HSBC in first half pretax profit boost
HONG KONG (AP) HSBC Corp. says strong performance in Asia helped to boost first-half profit to 10 percent, and the bank has announced the sale of its Brazil business.
Europe’s biggest bank said pre-tax profits in the first six months were $13.6 billion (£8.7bn) – up from $12.3 billion a year earlier.
Regarding the potential relocation of its global headquarters from London to Hong Kong, the bank said its board would make a decision by the end of this year.

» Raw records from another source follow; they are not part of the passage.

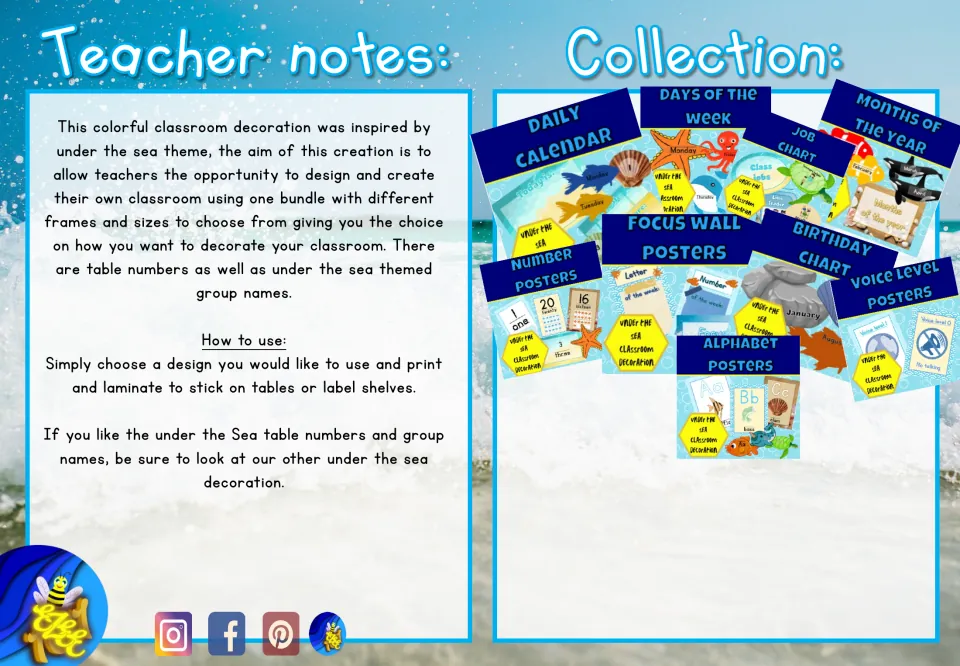 Teacher notes for the undersea table labels explain choosing a design, printing, and laminating for classroom use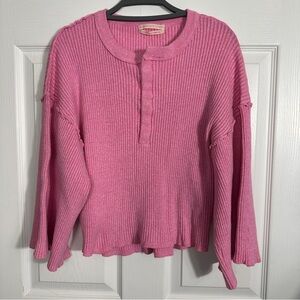 Urban Outfitters pink cropped henley, size M, oversized bell sleeves, inside out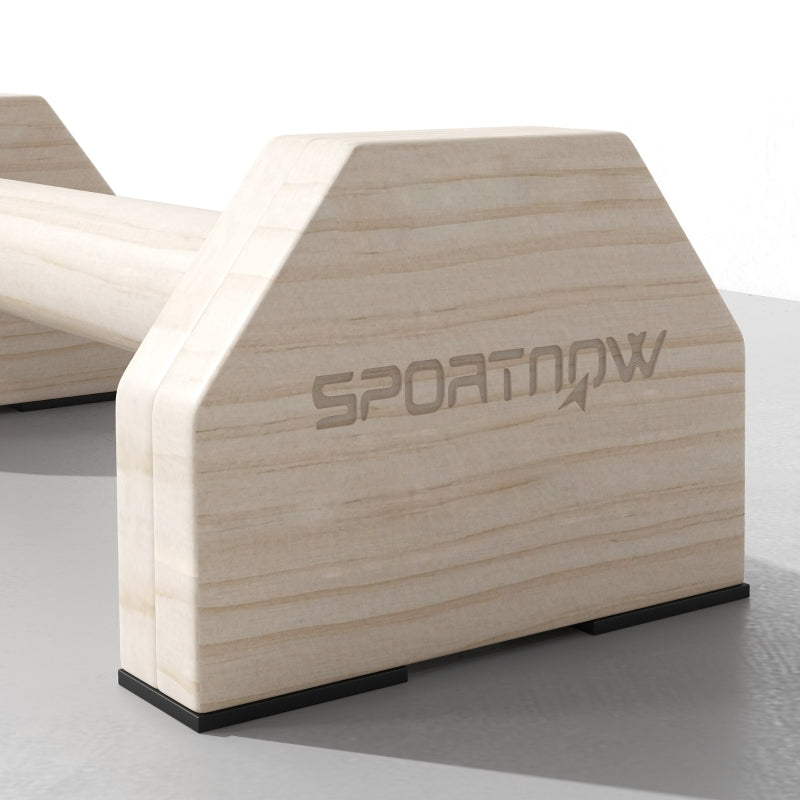 Push-up Bars, Set of 2, Robust & Non-Slip, up to 120 kg, Beech Wood, Natural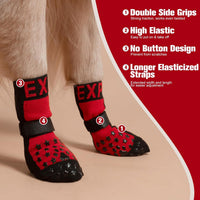 Anti Slip Dog Socks to Prevent Licking Paws with Grippers Black – Essentials for Dogs - Star Red / X-Small - image 3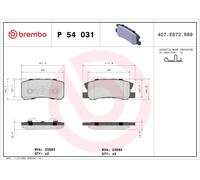 Brake pads P 54 031 BREMBO for MITSUBISHI DODGE CHRYSLER JEEP CITROËN PEUGEOT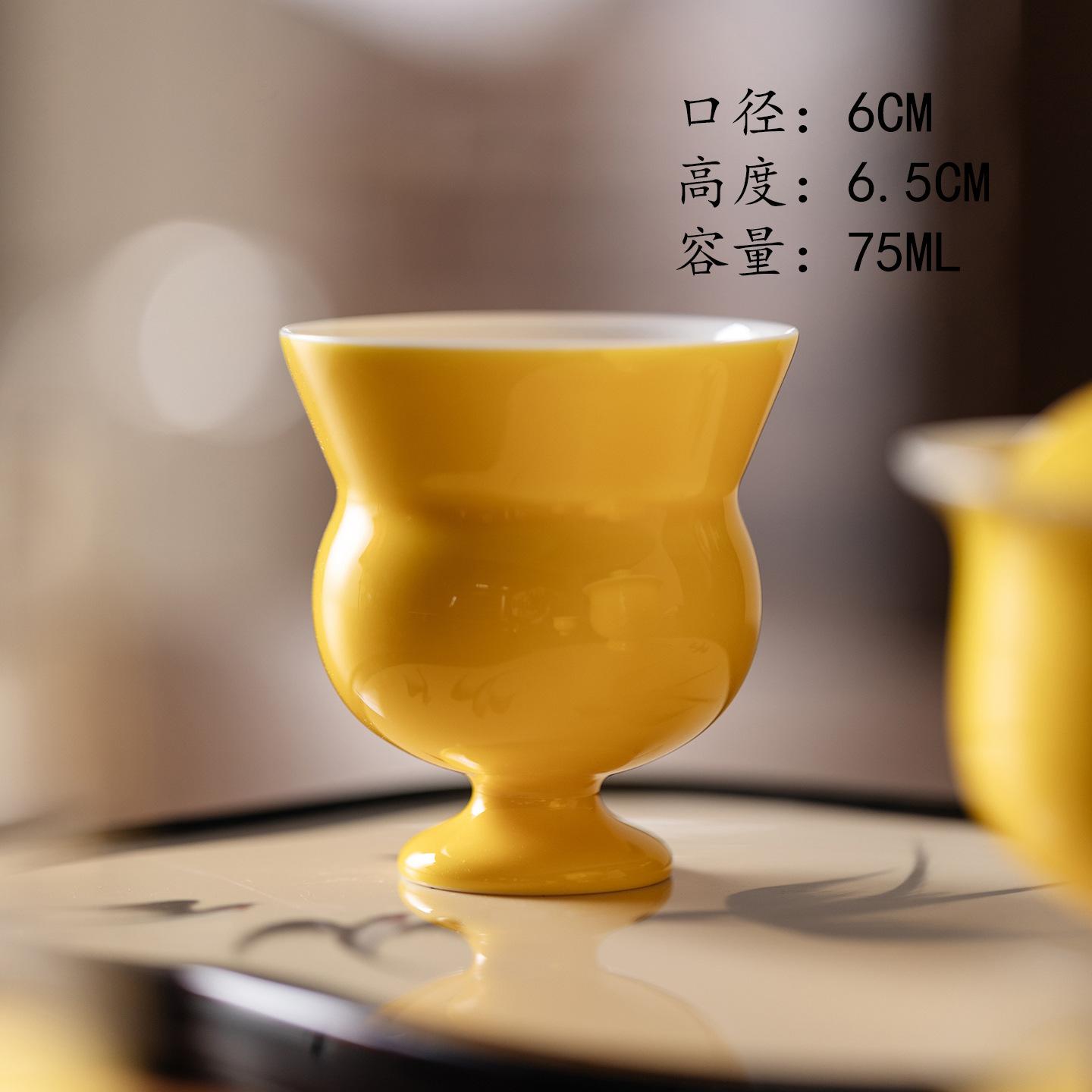 

2pc/lot Yellow Gourd-shaped High Foot Teacup Zen Tea Bowl Mug Tea-tasting Meditation Cup Jianzhan Master Cups Tea Ceremony 75ml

HSBC’s local operations were the country’s sixth largest, as measured by assets, but it was less than a third the size of the fifth largest, Santander’s Brazil unit.
The future of HSBC as a UK-based bank will come into renewed focus when the lender reports half-year results this week while Standard Life and More Than owner RSA are among a clutch of major insurers publishing latest figures.
HSBC’s Hong Kong shares ended the morning session unchanged at HK$69.70.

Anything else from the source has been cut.